(Available data)

..............................

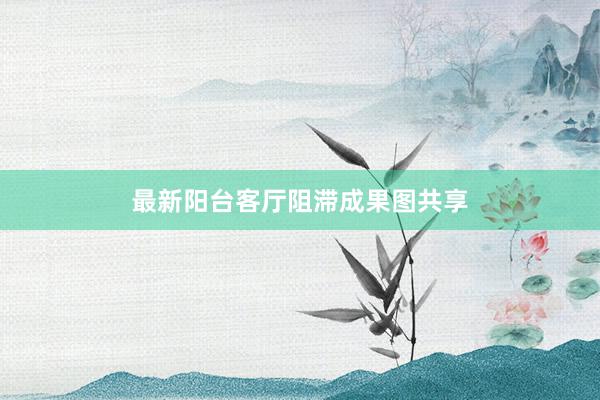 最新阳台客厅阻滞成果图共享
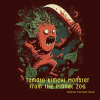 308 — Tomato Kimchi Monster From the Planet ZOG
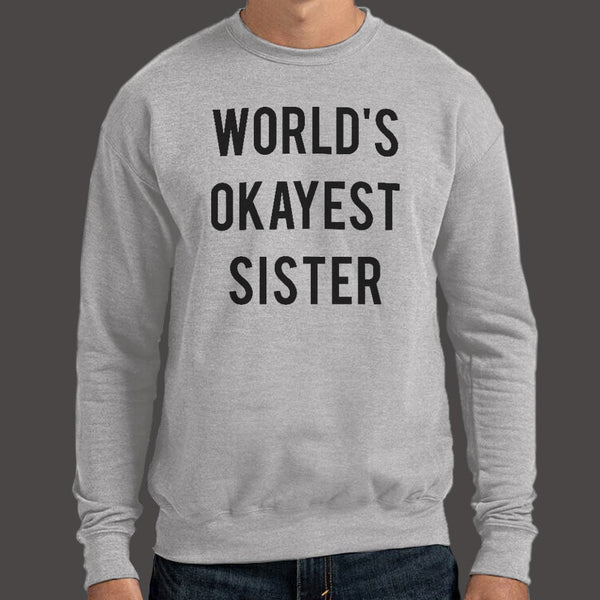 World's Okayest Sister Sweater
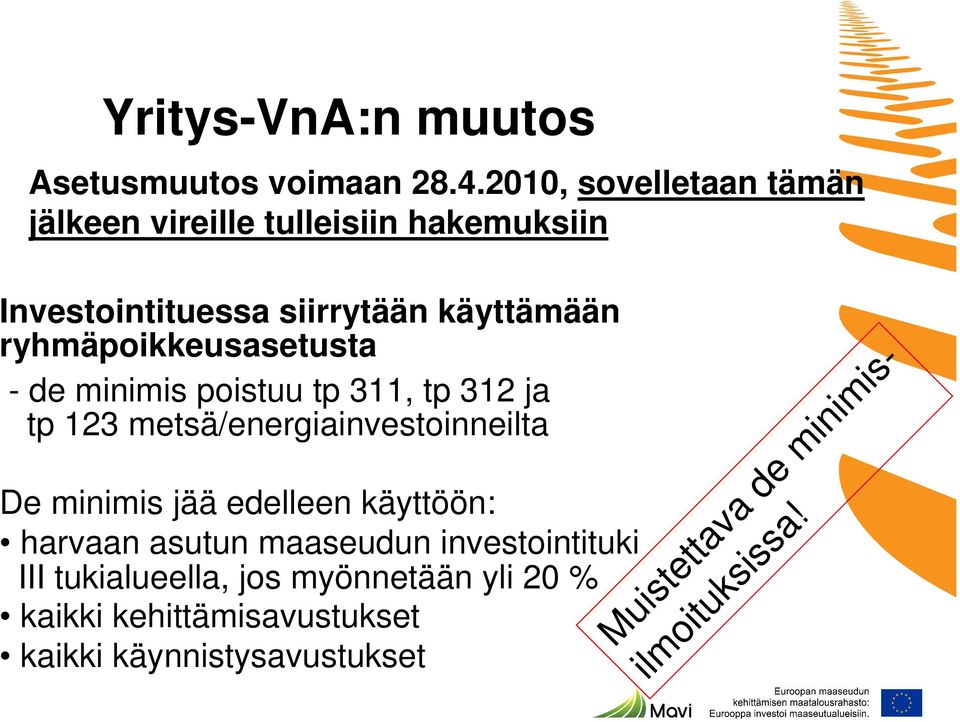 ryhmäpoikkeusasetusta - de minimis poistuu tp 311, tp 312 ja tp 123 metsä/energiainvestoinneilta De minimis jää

..............................

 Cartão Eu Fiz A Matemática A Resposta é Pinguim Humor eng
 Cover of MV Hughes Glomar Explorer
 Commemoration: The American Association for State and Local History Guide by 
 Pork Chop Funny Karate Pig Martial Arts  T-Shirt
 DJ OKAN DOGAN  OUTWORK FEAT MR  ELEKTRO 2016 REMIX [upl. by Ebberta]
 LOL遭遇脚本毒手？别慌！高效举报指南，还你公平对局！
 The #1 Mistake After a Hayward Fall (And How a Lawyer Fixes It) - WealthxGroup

..............................

(Work task) Pictures excluded, reproduce only the part above that opens with the line holding "最新阳台客厅阻滞成果图共享" and closes with the line holding "ryhmäpoikkeusasetusta - de", exactly as written.

(Solution)
 最新阳台客厅阻滞成果图共享
 308 — Tomato Kimchi Monster From the Planet ZOG
 World's Okayest Sister Sweater
 ryhmäpoikkeusasetusta - de minimis poistuu tp 311, tp 312 ja tp 123 metsä/energiainvestoinneilta De minimis jää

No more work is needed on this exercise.